Nuestro país bien se puede comparar con aquellos países donde no hay gobierno y donde el terrorismo y el hampa son los únicos mecanismos de control territorial de las zonas y ejercen poder absoluto.

¿Qué tienen en común el noroeste de Nigeria con la frontera de Irak y Siria? ¿O las favelas de Rio de Janeiro con las vastas regiones de Afganistán y Colombia? Que en estos territorios no existe ningún gobierno democrático, no hay presencia institucional del Estado y, por ende, alguien debe gobernar estas tierras.
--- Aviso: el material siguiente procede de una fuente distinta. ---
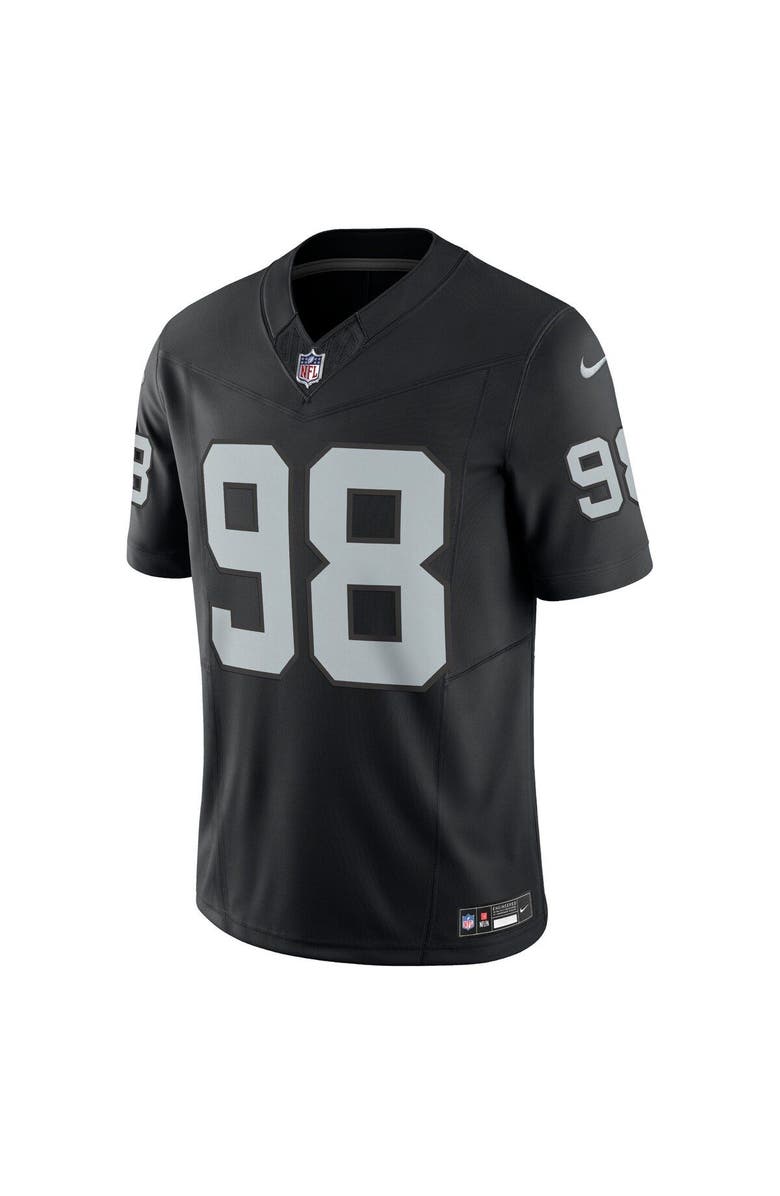 Nike Men's Nike Maxx Crosby Black Las Vegas Raiders Vapor F.U.S.E. Limited Jersey, Alternate, color, Black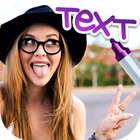 Write text on photos icon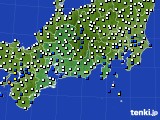 東海地方のアメダス実況(風向・風速)(2020年07月06日)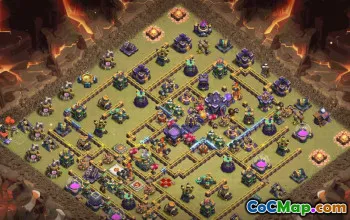 CoC Town Hall 15 Base Layouts | War, Trophy, Home Village Maps #32134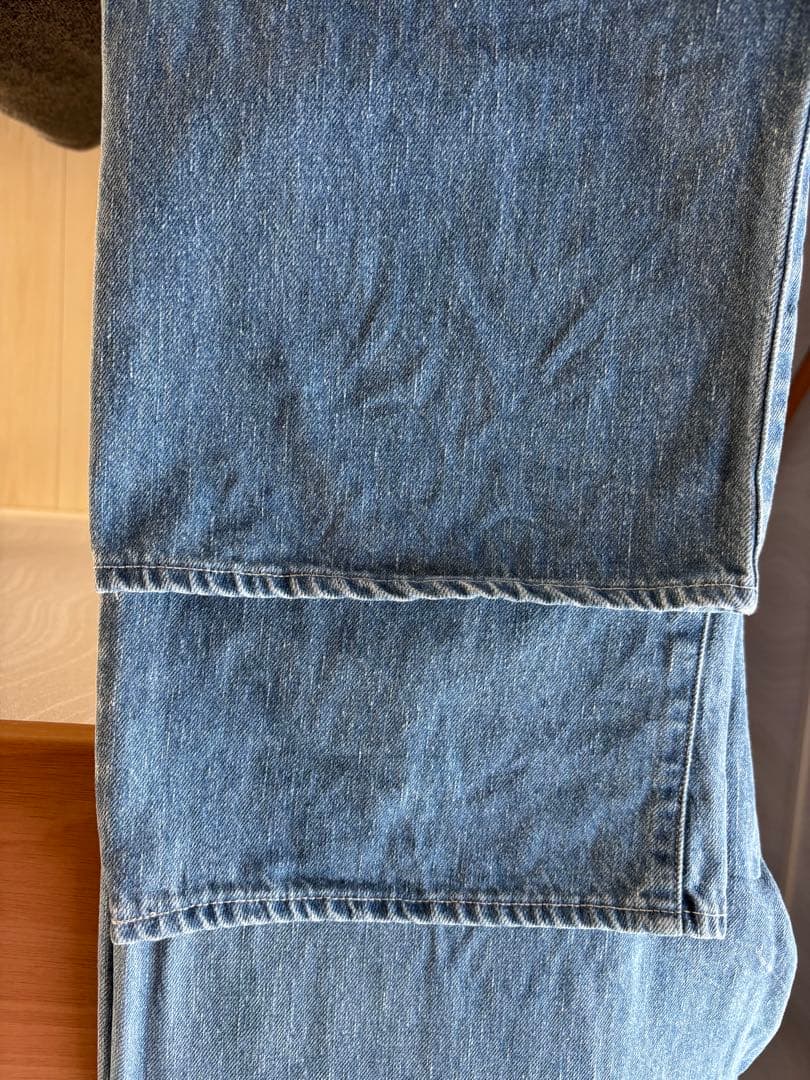 パンツ SELVEDGE FADED LIGHT DENIM PANTS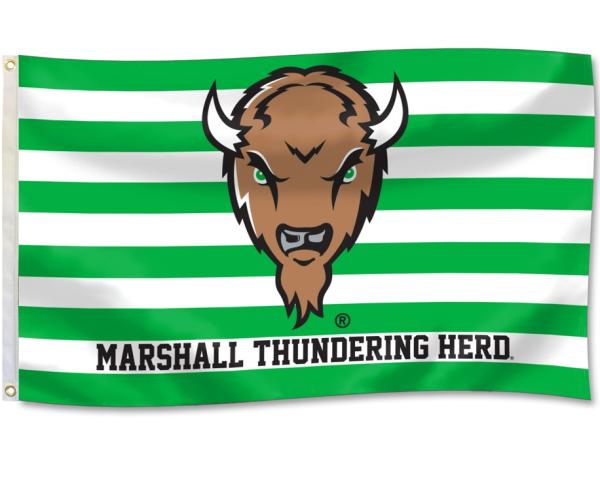 MU UB&F Stripe Buffalo Face 3x5 Flag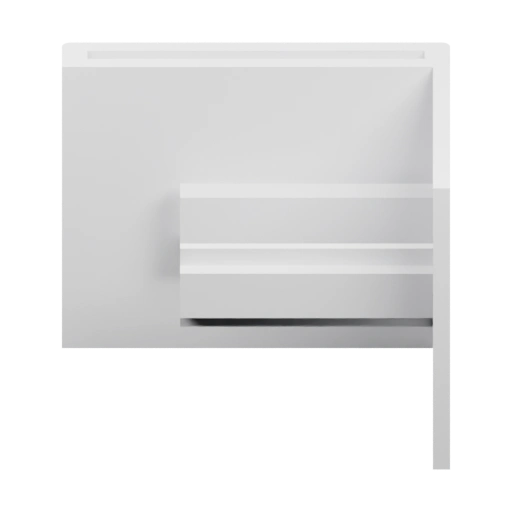 Стена с вырезом и полками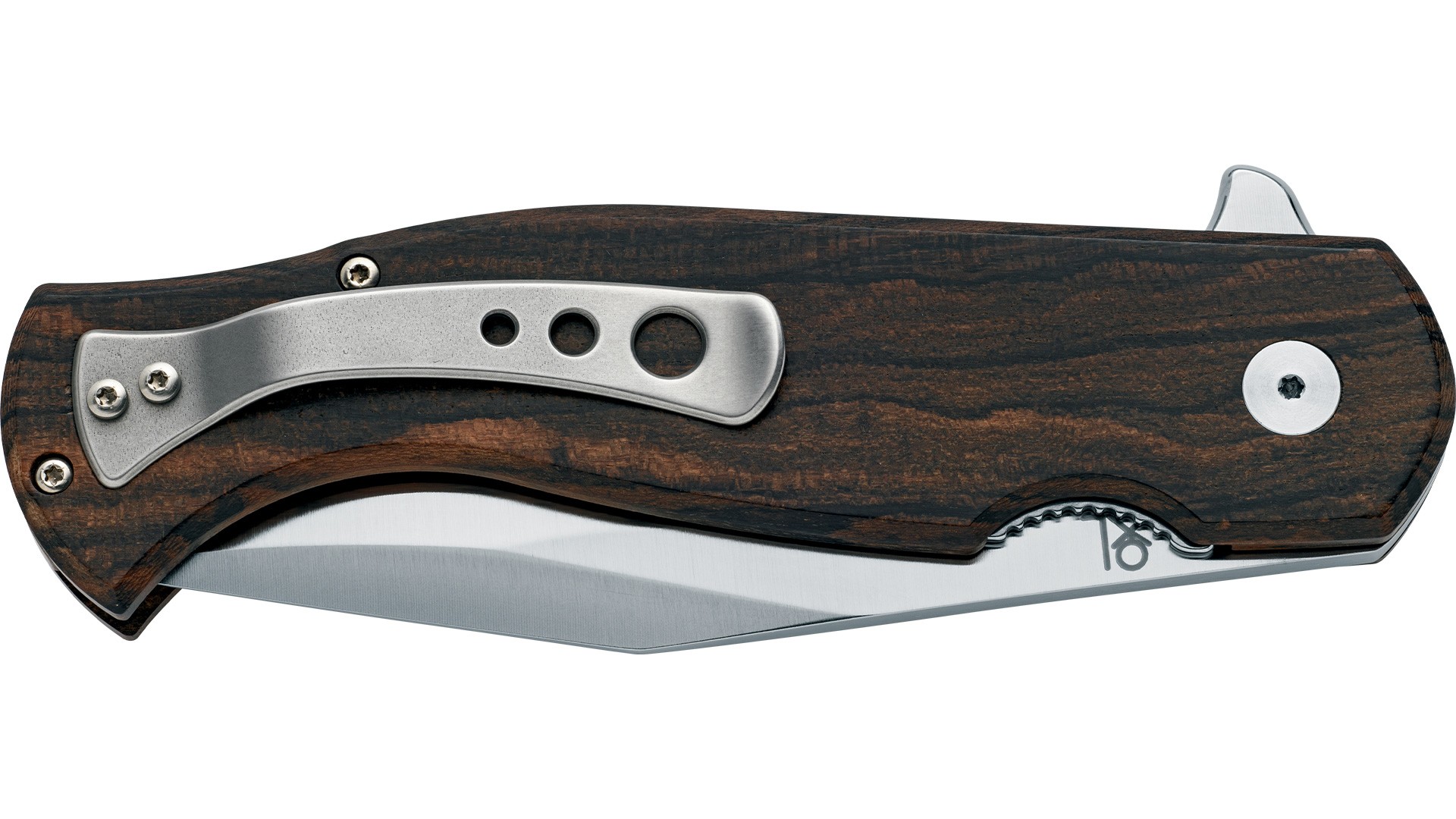 Fox Knives Eastwood Tiger S90V Ziricote Wood Çakı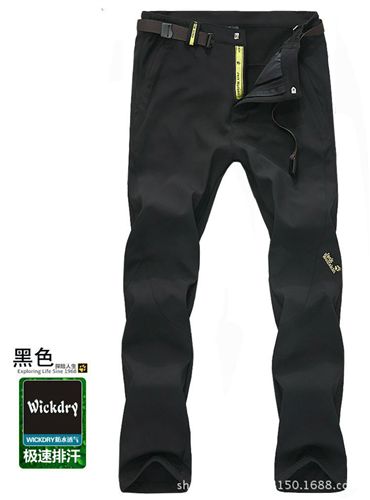 男款戶外裝 秋冬新款戶外保暖透氣防風(fēng)防水男士軟殼沖鋒褲加厚戶外運動褲原始圖片2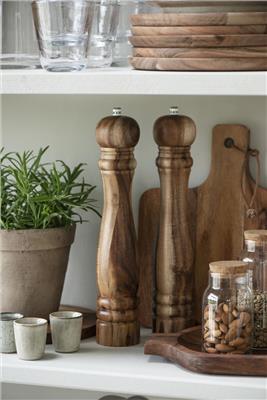 Acacia Wooden Pepper Mill - Default Title - Ivy Grey Interiors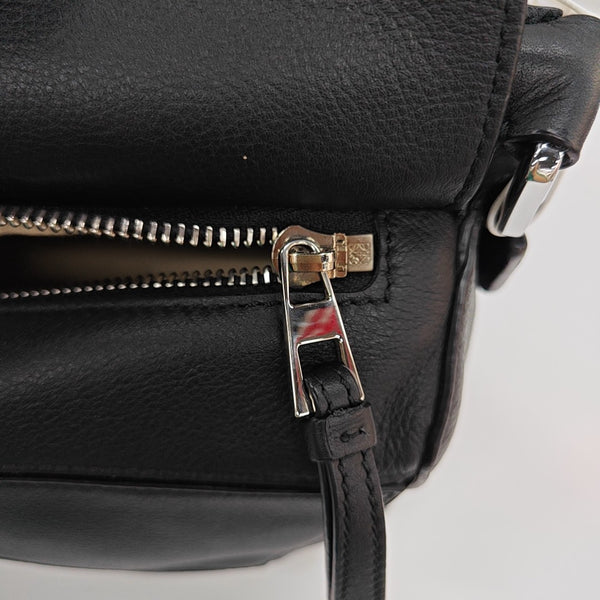Puzzle Small Calfskin Black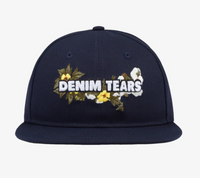 Denim Tears X New Era Navy Floral Logo Adjustable Cap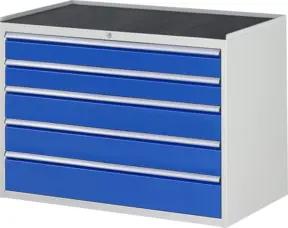 Rau Schubladenschrank m. Anti-Rutsch-Matte 5 Schubl.-XXL 2x120 2x150 1x180mm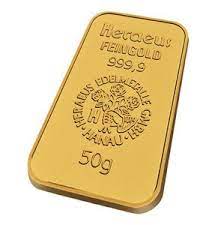 1 day gold price per gram in arab emirates dirham. Heraeus 50 Gram Gold Bars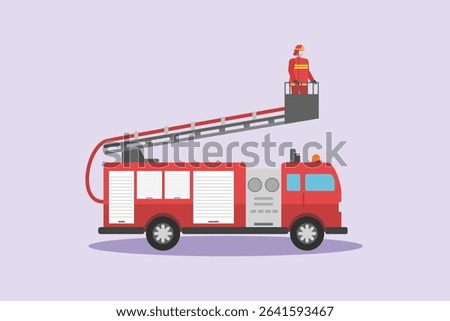 Public Service Concept. Colored flat vector illustration isolated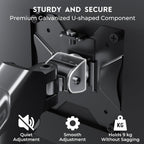 Monitor Arm Wall Mount for 13-42 Inch Screens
De hecho, sí tienen una figura de poder que está representada en hombres que han convertido estos territorios en fortalezas inexpugnables creándose una especie de Estado soberano dentro de otro estado.

Eso pasa en nuestro país desde hace varias décadas, pero las noticias siempre están mirando afuera, lo que pasa por ejemplo en Afganistán y Nigeria y nos llama la atención como estos soldados al mando de Boko Haram tienen en jaque la estabilidad mundial, y parece que no hay quien lo detenga por ahora.

Pero las atrocidades no sólo nos llegan del otro lado del mar, esa misma barbarie la vivimos en nuestra querida Colombia y así nos ve el mundo, que muchos de nuestros compatriotas se sienten discriminados en otras tierras y llevar el gentilicio de colombiano les ha cerrado las puertas, sin desconocer que en verdad unos cuantos han enlodado nuestro buen nombre.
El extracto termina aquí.